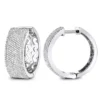 Pave Diamond Hoop Earrings 1.75ct 14K White Gold -Outlet Radiant Bijou Store pave diamond hoop earrings 195ct 14k p 42950 wh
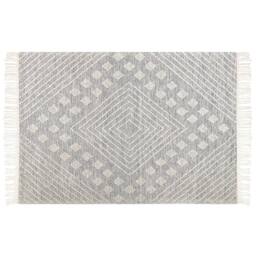 Wyld and Coco Nordic Handwoven Wool Rug White Grey Geometric 160 x 230 cm - Size: 160 cm x 230 cm - thumbnail 3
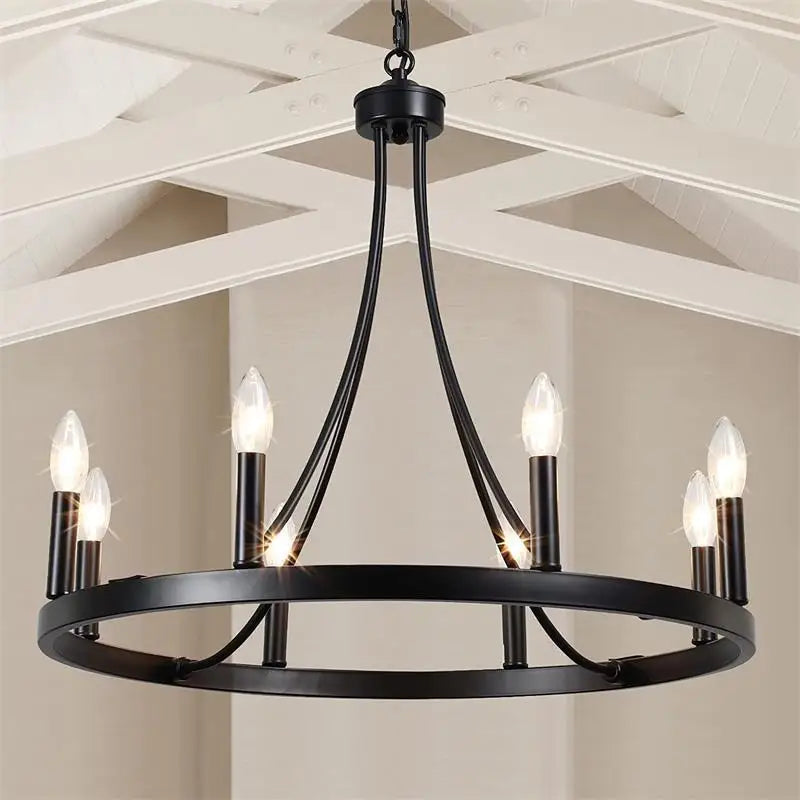 lustre en fer forgé américain avec éclairage led 5 têtes
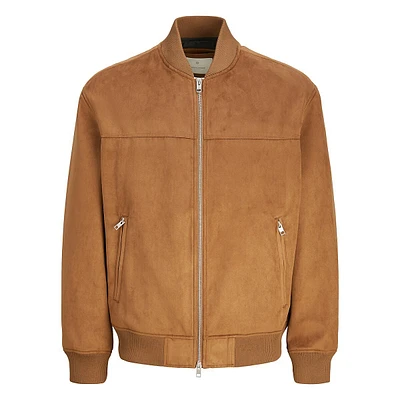 Faux Suede Bomber Jacket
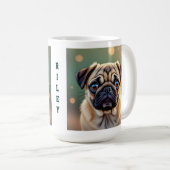 Adorable Pug Close up | Cute Dog Personalized コーヒーマグカップ (正面右)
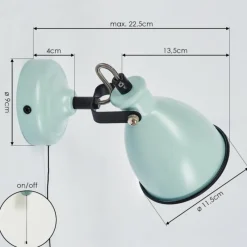 Lampes Vintages & Rétros-hofstein Applique murale Selki Bleu, Noir, 1 lumière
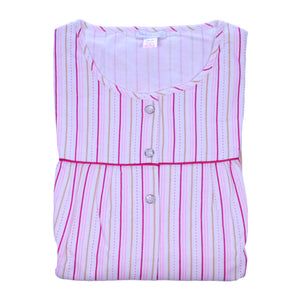 Slenderella Ladies Striped Cotton Long Sleeved Nightshirt UK 10-22 (Blue or Pink)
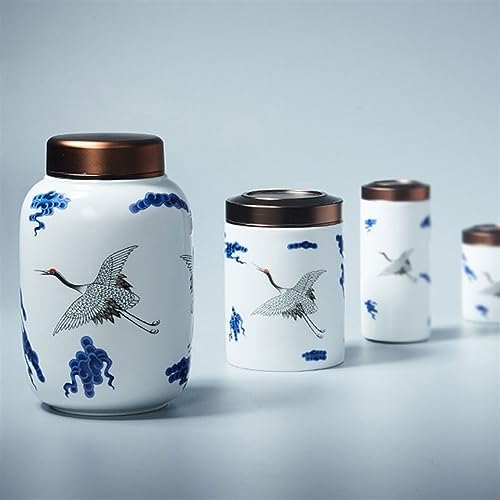 HEXEH Tea Tins Metal Lid Painted Celadon Loose Leaf Tea Canister Small Portable Sealing Jar Storage Tea Warehouse Tea Sets Tea Storage Container (Color : C) - Image 7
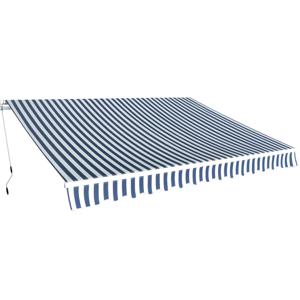 VidaXL Luifel handmatig uittrekbaar 350 cm blauw/wit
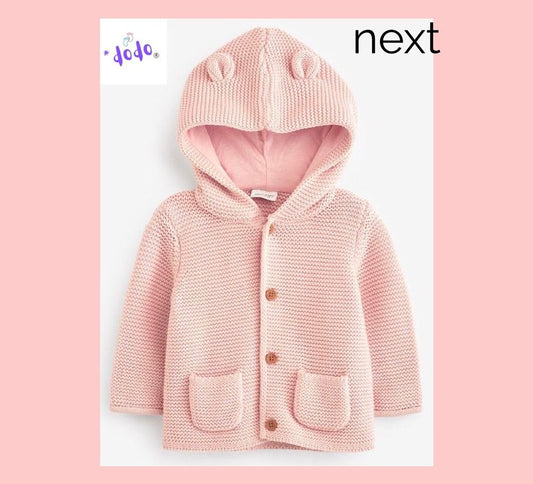 Pink Hooded Knitted Cardigan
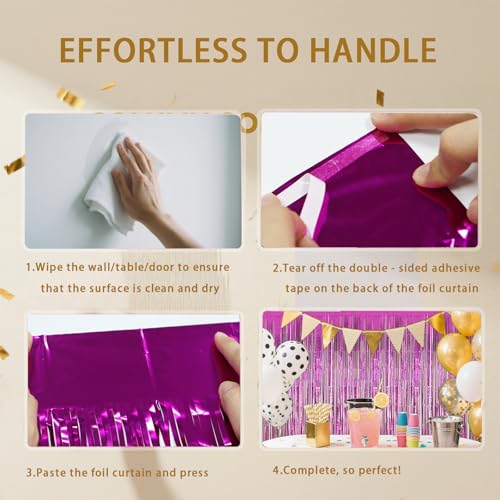 Purple Party Decorations Party Door Decorations Purple Birthday Wedding Metallic Streamers Engagement Holiday Graduation Ceremony Decorative Props Dance Party Celebration 2pack - Image 5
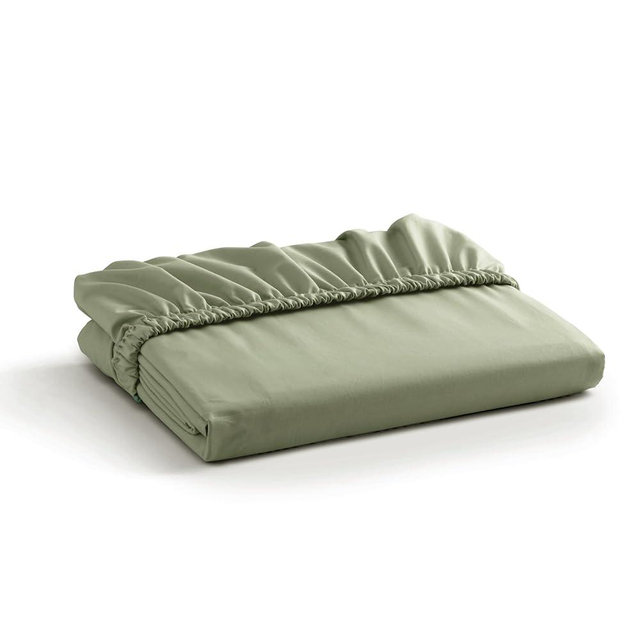 Linen Home 100% Cotton Percale Weave Fitted Sheet, King Size, Sage, 1 Deep Pocket Fitted Sheet, Fits Mattress Upto 16" Crisp and Cool Strong Bed Linen, 78"X80"+15"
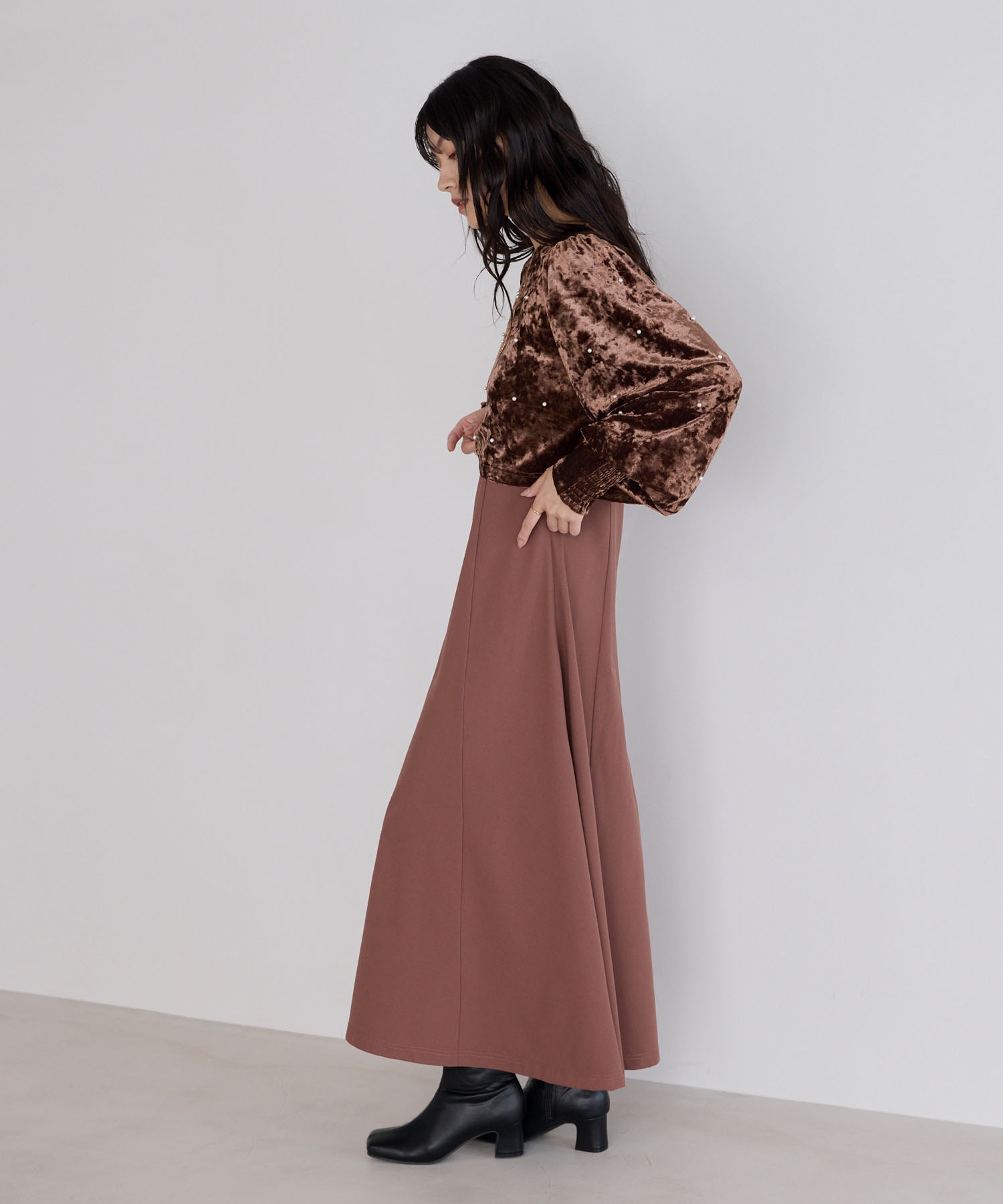 forksy.】【オケージョン対応】ベロアパール長袖トップス&キャミ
* * * *
Provide an exact copy of only the lines from the beginning of the entries through the line containing "Slenderella Ladies Striped", both ends included, with no pictures.

### WRITTEN RESPONSE
 Pave Diamond Hoop Earrings 1.75ct 14K White Gold -Outlet Radiant Bijou Store pave diamond hoop earrings 195ct 14k p 42950 wh
 Wyld and Coco Nordic Handwoven Wool Rug White Grey Geometric 160 x 230 cm - Size: 160 cm x 230 cm - thumbnail 3
 lustre en fer forgé américain avec éclairage led 5 têtes
 Faux Suede Bomber Jacket
 Adorable Pug Close up | Cute Dog Personalized コーヒーマグカップ (正面右)
 Lampes Vintages & Rétros-hofstein Applique murale Selki Bleu, Noir, 1 lumière
 Slenderella Ladies Striped Cotton Long Sleeved Nightshirt UK 10-22 (Blue or Pink)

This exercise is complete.